Another reason for the failure in large-scale commercialization of the FCV is that the using cost (mainly fuel cost) for customers is too high. Currently, hydrogen is supplied at a price of $9.99 /kg in hydrogen refueling stations in California, which is a lot cheaper than before. However, the resulting fuel cost is still 3 to 4 times as much as that of ICEV per 100 km. At present, hydrogen is mainly produced from coal gasification, natural gas reformation, and water electrolysis, whose process is complicated and usually consumes much energy, leading to a high production cost. Exceptionally, industrial by-product hydrogen is the ideal source of hydrogen for vehicle because of its simple purification and low cost. The cost of hydrogen with a purity of 99.99% annually is only $0.2/Nm3 (~$1.74/Nm3) with 25000 Nm3/h of coke oven gas as raw material [18]. In addition to lower cost, by-product hydrogen requires less energy consumption and GHG emissions during the producing process, showing a great potential for energy and environment, and China has a great advantage in the by-product hydrogen industry with nearly 10 million tons of by-product hydrogen per year, mainly from coke oven gas, ammonia, methanol, and chlor-alkali industries.
Estimating life cycle GHG emissions from FCVs
Research framework and definitions
This paper involves the transportation of various fuels. To clearly describe the various subsystems, the fuel is first defined from the perspective of the subsystems.
1)Vehicle fuel: fuel from a refueling station to fill the FCV;
2)Product fuel: fuel transported to the refueling station after factory processing;
3)Feedstock: primary energy processed by a factory.

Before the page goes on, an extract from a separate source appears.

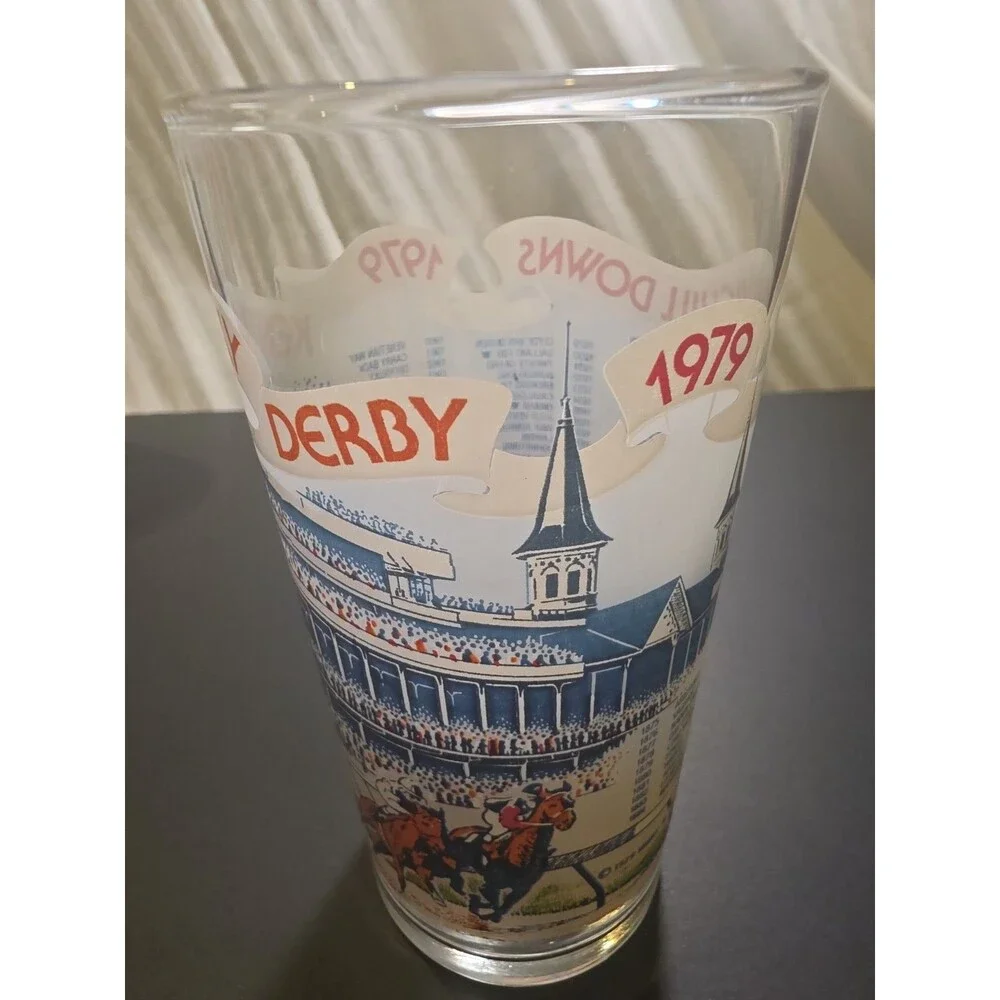 Kentucky Derby 1979 105th Running Mint Julep Glass Churchill Downs Horse Racing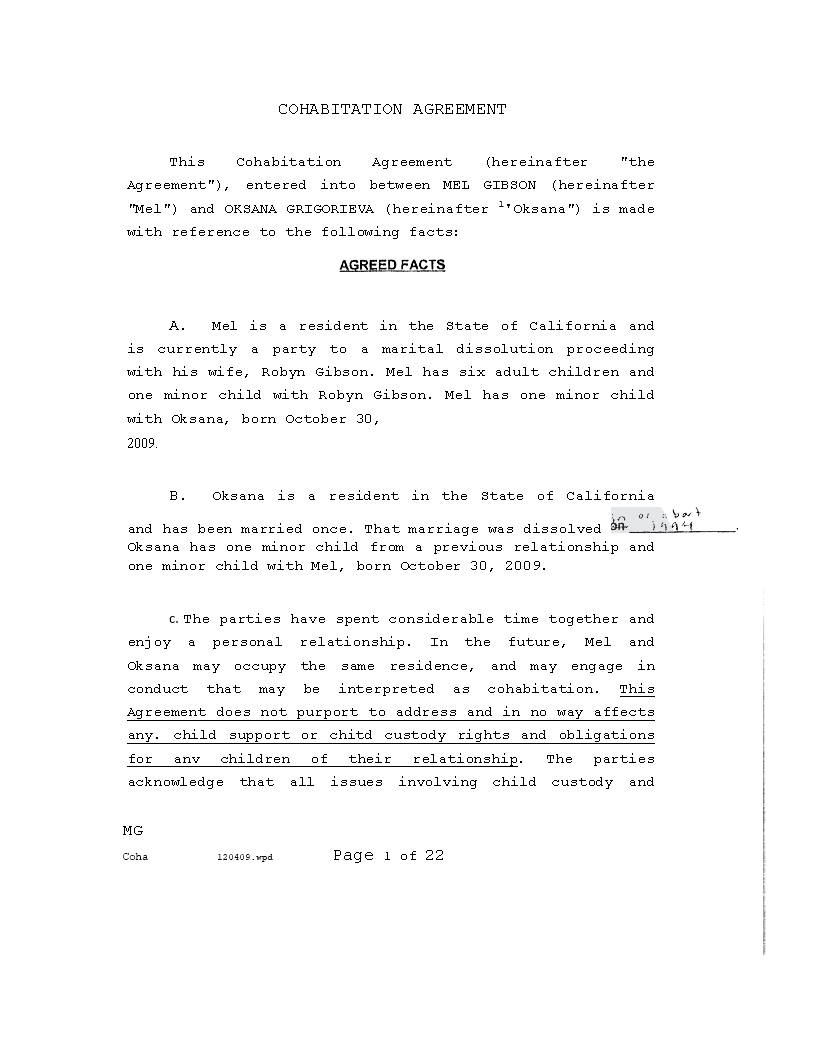 free-printable-cohabitation-agreement-template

According to the definitions above, the study framework is shown in Fig. 1.
In the definition of the fuel life cycle, this paper uses the GREET model developed by Argonne National Laboratory, which defines the fuel life cycle as a WTW system. This paper is based on a modified version of the GREET model, which makes use of the local data. In this way, the results will be more in line with the actual situation in China.
As shown in Fig. 1, this paper divides the hydrogen FCV life-cycle system into four subsystems: feedstock processing subsystem, product fuel transporting subsystem, product fuel storing subsystem (refueling station) and vehicle fuel use subsystem (fuel cell vehicle). Focusing on greenhouse gas emissions, the emission gases for this paper include CO2, CH4, and N2O. According to IPCC (Intergovernmental Panel on Climate Change), if the GWP (global warming potential) of CO2 is 1, the GWP of CH4 and N2O are 23 and 296†.
Based on the definitions in Fig. 1, for the subsystems used in this paper, the feedstock processing subsystem consists of hydrogen via coal gasification, hydrogen via NG (natural gas) reforming, hydrogen from water electrolysis (The electricity used is relatively from state grid and water), by-product hydrogen from the chlor-alkali industry, methanol via coal and NG production. The product fuel transporting subsystem consists of GH2 (gas hydrogen) transported by tube trailers, LH2 (liquid hydrogen) transported by tank, GH2 transported by pipeline, CNG (compressed natural gas) transported by tank, LNG (liquefied natural gas) transported by tank and methanol transported by tank. The product fuel storing subsystem consists of off-site HRS (hydrogen refueling station), on-site HRS via NG gasification, on-site HRS via water electrolysis, and MRS (methanol refueling station).The vehicle fuel use subsystem consists of DHFCV (direct hydrogen FCV) and IMFCV (indirect methanol FCV). After certain permutations, a total of 19 pathways of hydrogen technology are used in this paper, as listed in Table 1.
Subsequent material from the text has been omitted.